DATASET CONTENT:
============

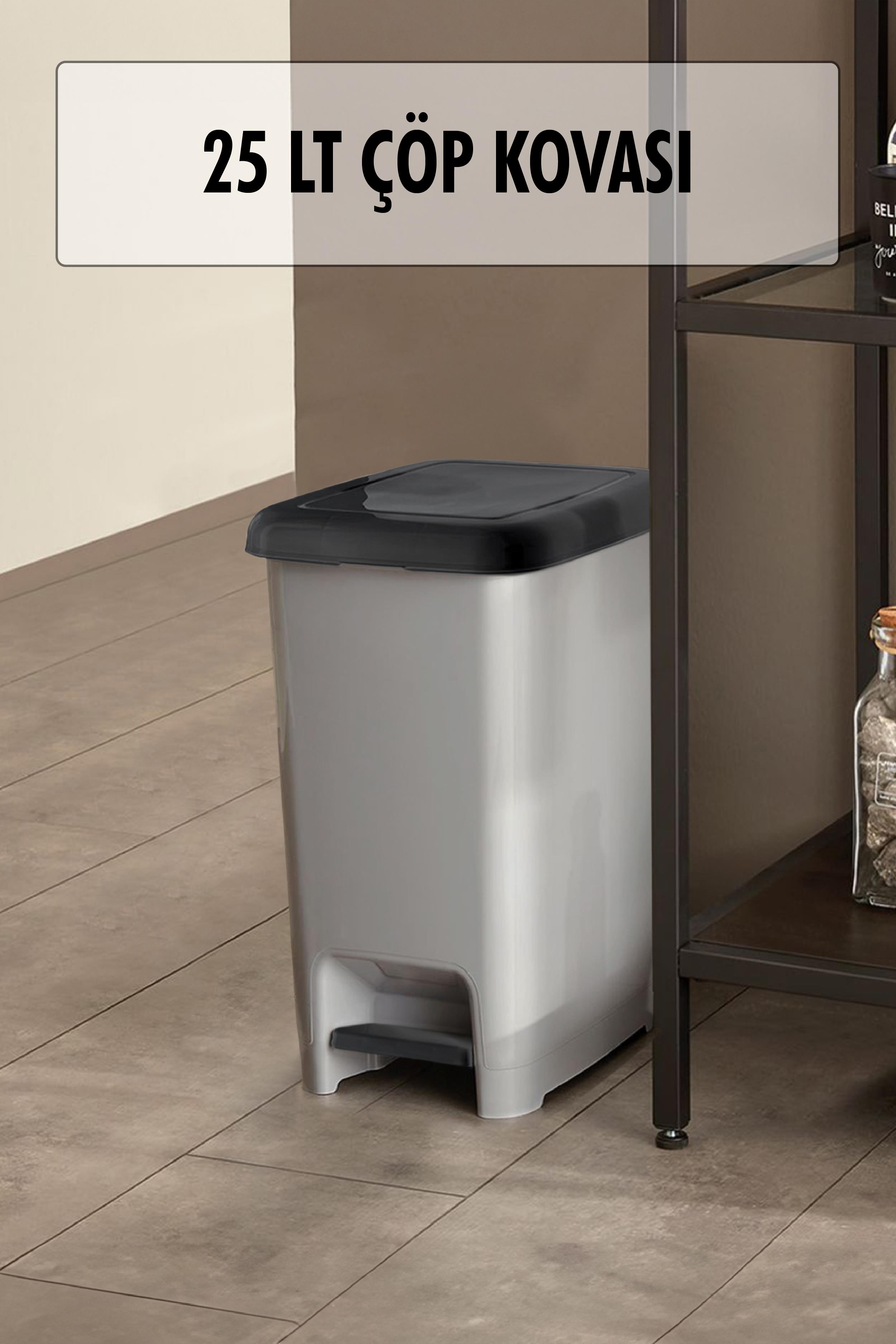25 Liter Pushed Garbage Bucket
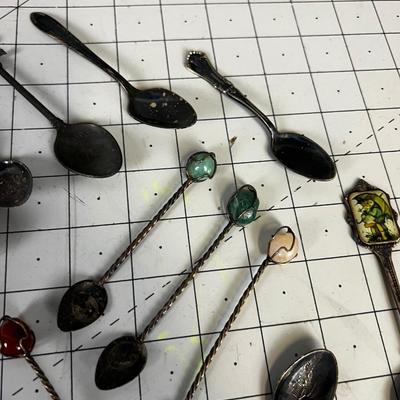 Silverplated Collector Spoons 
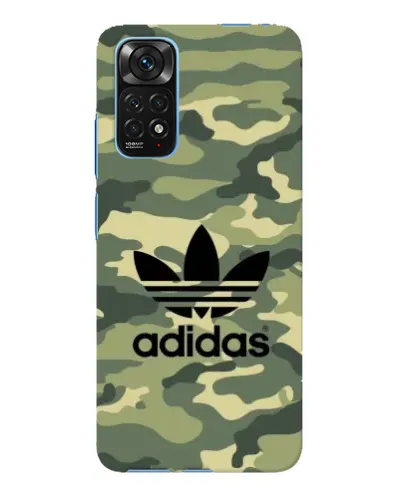 Чохол для Xiaomi Redmi Note 11E Pro з картинкою «Мілітарі стиль Adidas» Чохол для Xiaomi Redmi Note 11E Pro з картинкою «Мілітарі стиль Adidas»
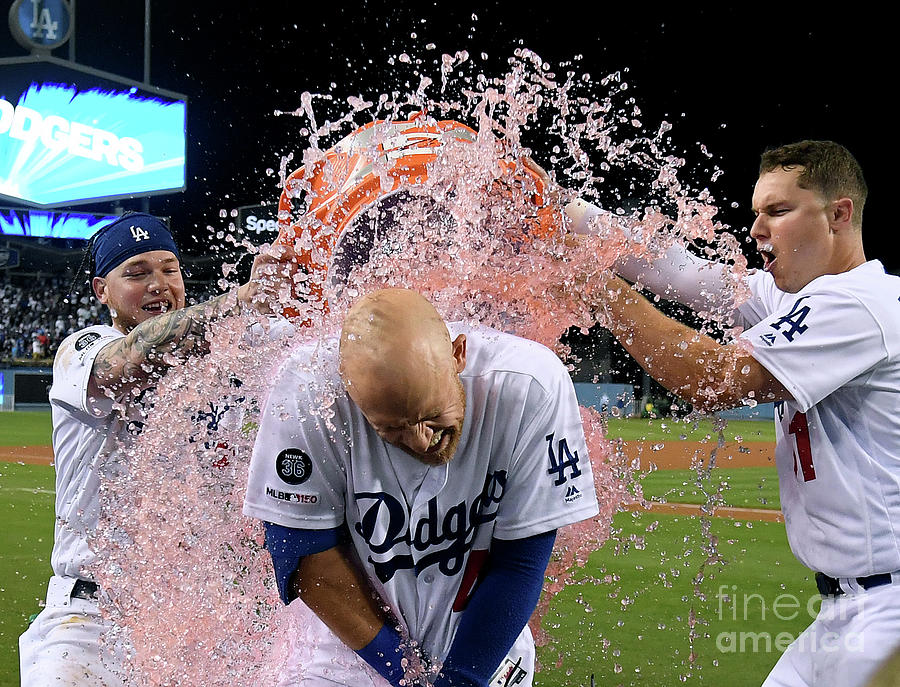 Alex Verdugo and Joc Pederson Photograph by Harry How Alex Verdugo and Joc Pederson Photograph by Harry How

============

REQUIRED WORK: Output the lines above in full and exactly as given, omitting any pictures.

ANSWER FOR THIS EXERCISE:
25 Liter Pushed Garbage Bucket
 Silverplated Collector Spoons 
 Чохол для Xiaomi Redmi Note 11E Pro з картинкою «Мілітарі стиль Adidas» Чохол для Xiaomi Redmi Note 11E Pro з картинкою «Мілітарі стиль Adidas»
 Alex Verdugo and Joc Pederson Photograph by Harry How Alex Verdugo and Joc Pederson Photograph by Harry How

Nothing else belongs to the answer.